We just came back from our multi-day, statewide professional learning conference with about 200 participants. They were energized, ready to share, and empowered to learn. They were passionate about instructional coaching and helping teachers reach their fullest potential. They were “stoked” as they collaborated on ways to increase student engagement and teacher commitment.

Coaches, mentors, administrators, and other school leaders engaged in a variety of breakout sessions designed around the components of effective instructional coaching. Conversations were rich as participants reflected on how they help teachers move along the continuum of instructional coaching and strengthen their school, classroom, and individual instructional practices.

What never ceases to amaze me is the depth to which coaches connect with each other to talk about promising teacher practices and share their innermost thoughts about their own practices. These very skilled and knowledgeable coaches wanted to talk to like-minded practitioners with whom they could collectively problem-solve and share a common language.

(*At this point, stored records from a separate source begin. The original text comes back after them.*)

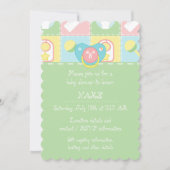Baby's Quilt Baby shower Invitation Kaart (Voorkant)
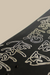 Angara Bidri - 290mm x 95mm x 50mm / Pine wood and Bidriware / Black and silver - Décor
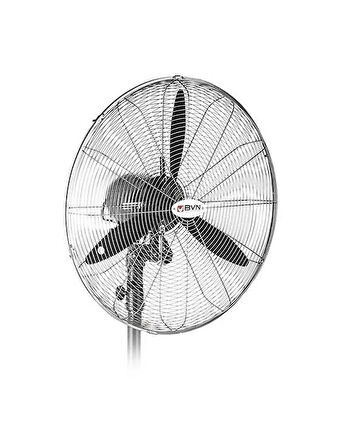 Bahçıvan BSV 600 60cm Siyah 3 Kanatlı Sanayi Tipi Ayaklı Vantilatör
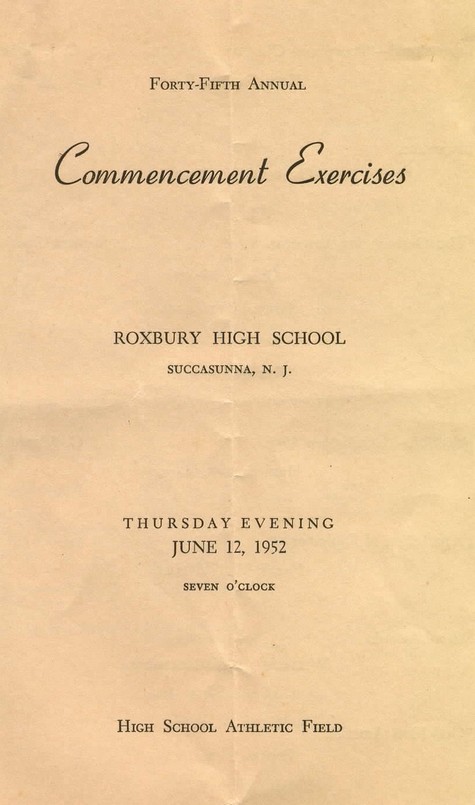1952 Roxbury HS Commencement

One of the many things shared was the recurring theme that effective coaching happens once strong relationships are established. Yes, we want our coaches to engage in the before, during, and after cycle of consultation (BDA) but that only happens when the relationship is ready for those deep, reflective conversations to take place. Not every teacher is ready to bare his or her “teaching soul” at the same time. This is not a requirement but rather a goal that can be realized through a time sensitive series of conversations designed to be probing and not invasive, reflective and not dismissive, expressive and not trivial.

Take your time and build strong relationships. Nag and nurture with a pat and push to keep yours and your teaching colleagues’ practices moving forward.

How do you know when your teaching colleagues are ready for deep conversations that influence student learning?

Monday, January 2, 2017

We know that students and teachers learn from each other; learning is social. We also know that our teaching colleagues have a wealth of knowledge and incredible skills that encourages collective problem-solving and creates wonderful learning opportunities for each other. What we also know is that coaching is deliberate so make the time that you work with your colleagues intentional, targeted, need-based, nonjudgmental, and data driven. Engage in real time conversations that are designed to impact teaching and learning.

How does this happen in a tightly packed schedule?

It seems that time is of the essence… it can be a friend or it can be an enemy. For instance, coaches and teachers need to work together in the time they have. “Chat and chews” are a great way to bring practitioners together to discuss problems of practice. Nothing is insurmountable when you have chocolate to share! Let this kind of time be your friend.

Trying to work with teachers only before or after school is complicated. That can be your enemy. After all, if you only work with teachers when they are rushing to get ready for the day or when they have finished a long day with their students, the net effect can be minimized. And, if you cannot plan to visit to see the implementation, there’s not much to talk about that could change practice.

Short bursts of mini professional development sessions during the day where coaches and teachers work together to facilitate learning sessions and then follow up with ongoing conversations about the learning, is an effective use of in-school time. Try it!

How is time both your friend and enemy?

Wednesday, December 14, 2016

At this time of the year, I look back at what I accomplished and try to determine if my accomplishments matched my goals.  This reflection is perfect for December as we think about the inevitable… what is this year’s New Year’s resolution and how will I sustain the momentum as I move forward personally and professionally?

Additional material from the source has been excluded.